Processus de paix RDC–Rwanda : le Congrès américain évalue les progrès et alerte sur les défis persistants

Par Fulgence Milay

Le Congrès des États-Unis a organisé une audition consacrée à l’état d’avancement du processus de paix entre la République démocratique du Congo (RDC) et la République du Rwanda, dans le cadre des Accords de Washington initiés sous l’administration du président Donald Trump. Les échanges ont porté sur les mécanismes de mise en œuvre et les perspectives du cadre d’intégration économique régionale, présenté comme un outil clé de stabilisation dans la région des Grands Lacs.

Intégration économique régionale : un levier de stabilisation

Selon les intervenants, le cadre d’intégration économique vise à renforcer la coopération transfrontalière entre la RDC et le Rwanda dans des secteurs stratégiques tels que les minerais critiques, les infrastructures énergétiques, la santé publique et les transports. Les autorités américaines ont réaffirmé l’engagement des États-Unis à accompagner cette initiative à travers un soutien diplomatique, une assistance technique ciblée et la promotion des investissements privés américains en République démocratique du Congo.

Il a également été souligné que ce dispositif pourrait, à terme, être élargi à d’autres pays de la région, notamment l’Ouganda et le Burundi, afin de favoriser une dynamique régionale plus inclusive.

Inquiétudes sur l’inclusivité du processus de paix

Toutefois, plusieurs élus et experts auditionnés ont exprimé des réserves quant à l’approche actuelle du processus. Ils ont estimé que l’accord met un accent disproportionné sur les retombées économiques, au détriment des dimensions sociales et politiques indispensables à l’instauration d’une paix durable.

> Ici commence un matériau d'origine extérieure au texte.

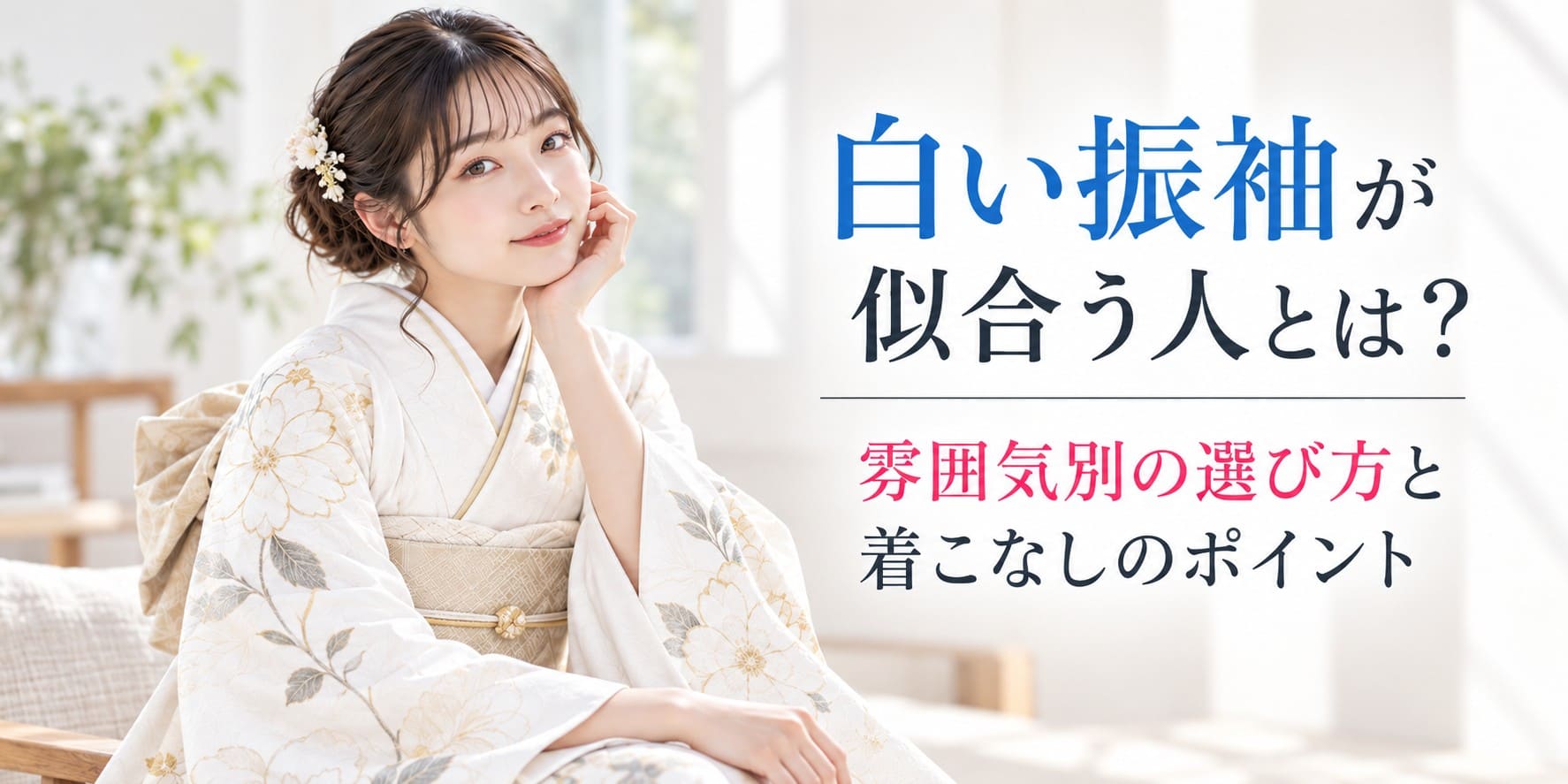 白い振袖が似合う人とは？雰囲気別の選び方と着こなしのポイント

L’absence de participation active de la société civile congolaise, en particulier des femmes et des organisations dirigées par des femmes, a été vivement critiquée. Pour certains intervenants, cette exclusion constitue un facteur de fragilisation du processus et un risque pour sa pérennité.

Situation humanitaire : l’engagement financier des États-Unis réaffirmé

La crise humanitaire persistante dans l’est de la RDC a occupé une place centrale dans les discussions. Les États-Unis ont confirmé une enveloppe globale estimée à près de 2 milliards de dollars d’aide humanitaire destinée à 17 pays en situation de crise, dont une part significative est allouée à la RDC.

Les parlementaires américains ont plaidé pour un suivi renforcé des financements consacrés à la protection de l’enfance, à la lutte contre le recrutement des enfants soldats ainsi qu’aux programmes de désarmement, démobilisation et réintégration (DDR). Le soutien américain à la Mission de l’Organisation des Nations unies pour la stabilisation en RDC (MONUSCO) a également été réaffirmé.

Gouvernance et sécurité : des obstacles majeurs aux investissements

Les débats ont par ailleurs mis en lumière les défis structurels persistants en République démocratique du Congo, notamment en matière de sécurité, de gouvernance et de lutte contre la corruption. La faible régulation du secteur minier et l’insécurité dans certaines zones continuent de freiner les investissements occidentaux.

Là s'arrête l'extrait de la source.